Ketua Panitia, Zubir, mengatakan Indonesia Dispute Board ini merupakan yang kedua kalinya digelar. Sebelum, kegiatan yang sama pernah dilaksanakan di Jawa Tengah. Dipilihnya Aceh untuk menggelar event ini karena beberapa pertimbangan. Di antaranya adalah, Aceh pernah mencatatkan sejarah besar terkait upaya mediasi, yaitu peristiwa perdamaian antara Pemerintah Indonesia dengan Gerakan Aceh Merdeka (GAM).
“Inilah salah satu hasil mediasi terbesar yang tercatat dalam sejarah Aceh, jadi kenapa ada kaitannya hari ini Aceh menjadi tuan rumah Indonesia Dispute Board Forum 2023,” ucapnya.

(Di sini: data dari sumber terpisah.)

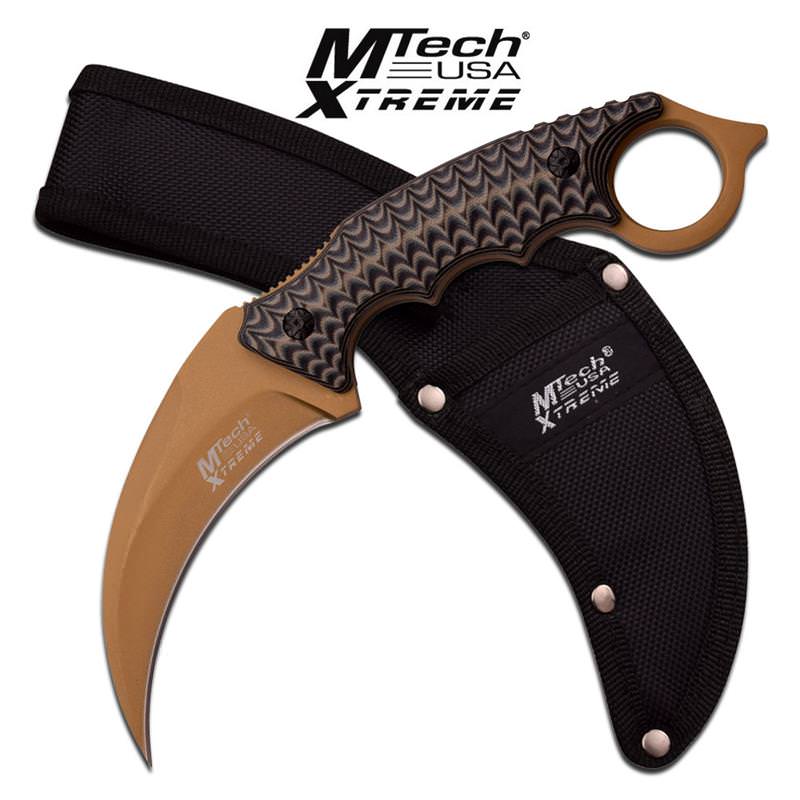 Mtech USa Xtreme Green Titanium Fixed Blade Karambit Knife Collectible Weapons - Tophatter Daily Deals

Presiden DSI, Sabela Gayo, menyampaikan kegiatan ini melibatkan pemateri lintas sektoral terkait mediasi, abitrase maupun ajudikasi. Mereka berkumpul untuk mendiskusikan isu-isu terkini terkait perkembangan sistem alternatif penyelesaian sengketa.

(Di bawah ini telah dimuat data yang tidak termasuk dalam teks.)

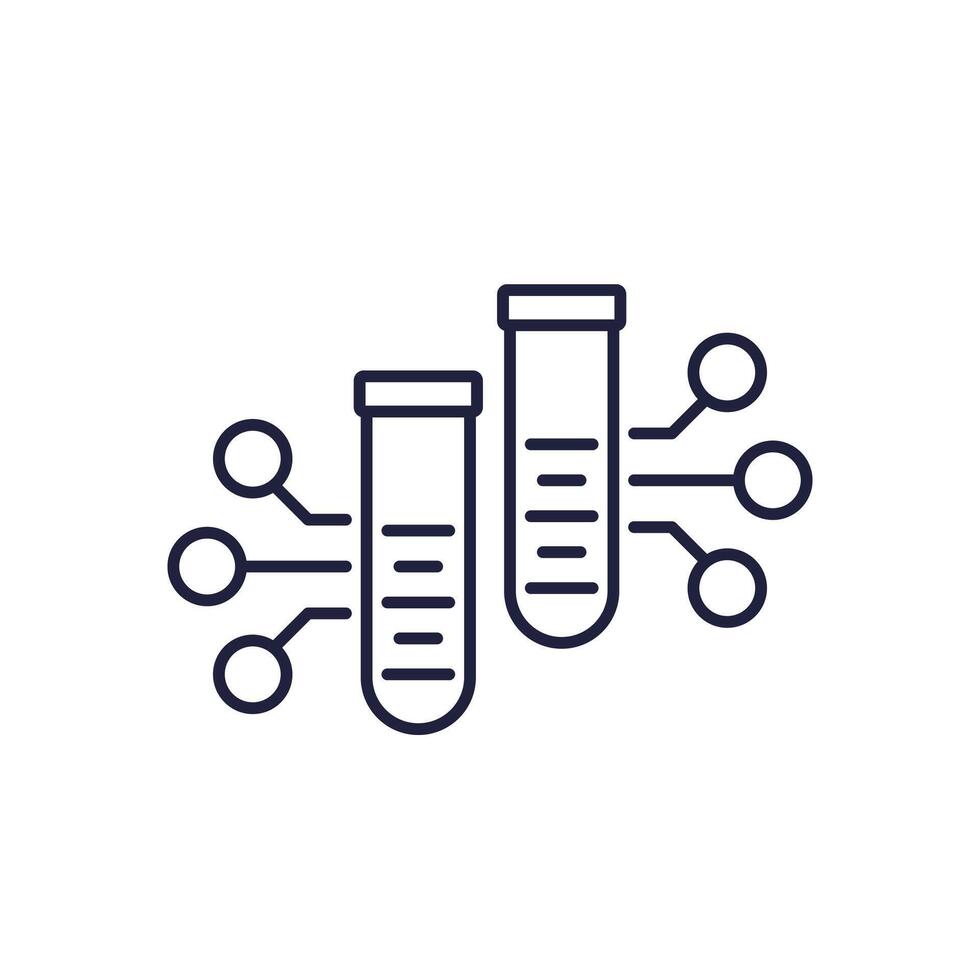 lab samples line icon with test tubes vector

Maka, dipilihnya Aceh sebagai tempat pelaksanaan event ini sangat tepat. Karena ada banyak hal baru yang bisa dipelajari dari Aceh, seperti tema kegiatan ini Restorative Justice: Belajar dari Pengalaman Aceh untuk Indonesia
“Tentu ada sesuatu yang ingin kita pelajari dari best practice yang sudah diajarkan restorative justice yang telah dipelajari di Aceh,” ucapnya.

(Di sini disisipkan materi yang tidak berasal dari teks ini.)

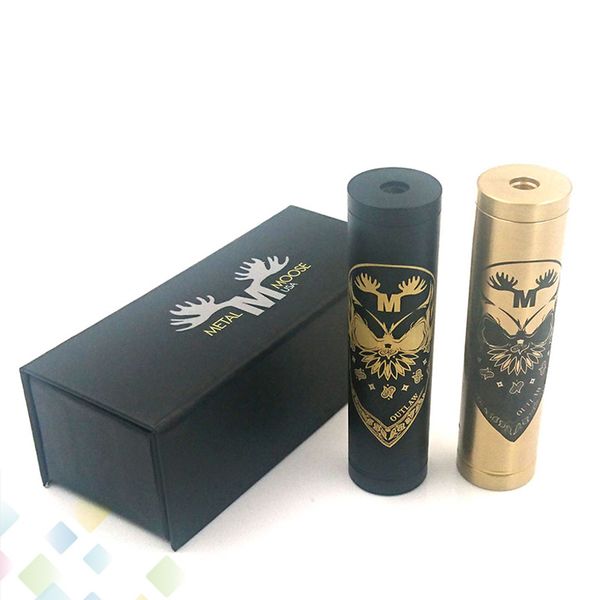 

Metal Moose Mod Newest Pattern Brass Black 2 Colors 24mm Diameter Brass Material Fit 18650 Battery 510 Atomizers DHL Free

Dirinya mengungkapkan, saat ini DSI memiliki 1.535 mediator yang bersertifkasi dan 80 persen di antaranya sudah terdaftar di Pengadilan Negeri dan Agama seluruh Indonesia. Dia berharap, keberadaan mediator tersebut memberikan kontribusi dalam rangka mendorong penyelesaian sengketa dengan menggunakan pola alternatif penyelesaian sengketa yaitu pola mediasi.
Wakil Rektor I USK, Prof. Agussabti, menyambut baik terlaksananya kegiatan ini. Menurutnya, event ini adalah tindak lanjut dari MoU antara USK dengan DSI pada September 2022 lalu. Setidaknya ada tiga poin penting dalam kesepakatan tersebut, yaitu mensosialisasikan alternatif penyelesaian sengketa, pelatihan dan pendidikan, serta riset dan publikasi ilmiah terkait alternatif penyelesaian sengketa.
“Kita berharap, ke depan banyak persoalan sengketa tidak lagi diselesaikan di pengadilan. Tapi bisa diselesaikan di luar pengadilan. Ini sudah dicontohkan di Aceh,” ucapnya.
Selain itu, Agussabti mengungkapkan, USK telah berencana untuk mendirikan Program Studi Magister Resolusi Konflik dan Damai. Harapannya, prodi ini bisa menarik perhatian masyarakat termasuk mahasiswa asing untuk belajar di Aceh. []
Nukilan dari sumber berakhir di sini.